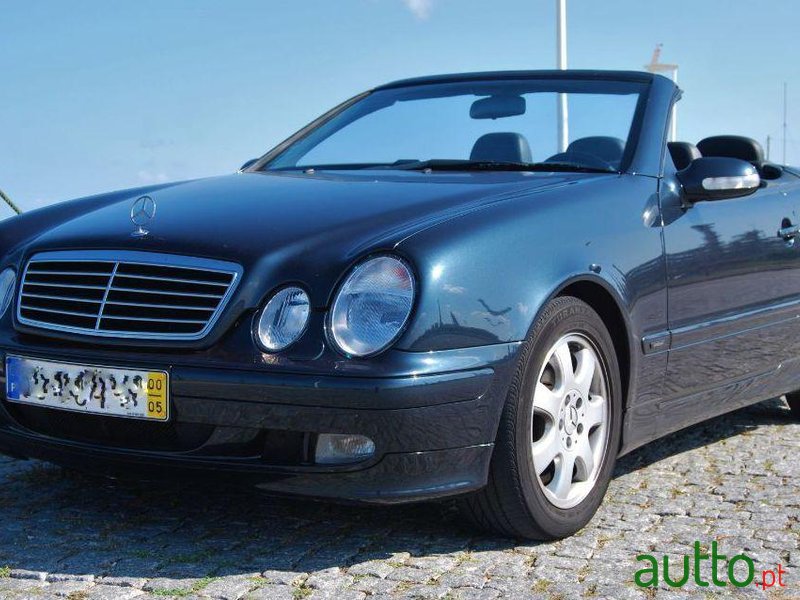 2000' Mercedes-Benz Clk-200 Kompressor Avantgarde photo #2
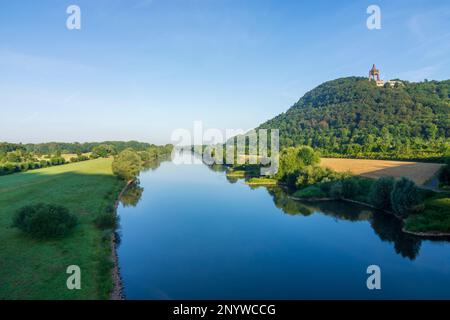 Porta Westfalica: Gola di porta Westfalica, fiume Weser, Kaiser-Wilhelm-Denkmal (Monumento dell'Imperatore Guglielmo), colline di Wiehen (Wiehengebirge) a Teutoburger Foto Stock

---

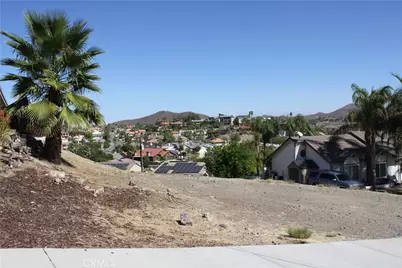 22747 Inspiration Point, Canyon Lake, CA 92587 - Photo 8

- WORK ITEM: Using the records above, print exactly the run of lines that starts with the line with "2000' Mercedes-Benz Clk-200" and goes on through the line with "Porta Westfalica: Gola", pictures excluded.

- ANSWER TO THIS PROBLEM:
 2000' Mercedes-Benz Clk-200 Kompressor Avantgarde photo #2
 Porta Westfalica: Gola di porta Westfalica, fiume Weser, Kaiser-Wilhelm-Denkmal (Monumento dell'Imperatore Guglielmo), colline di Wiehen (Wiehengebirge) a Teutoburger Foto Stock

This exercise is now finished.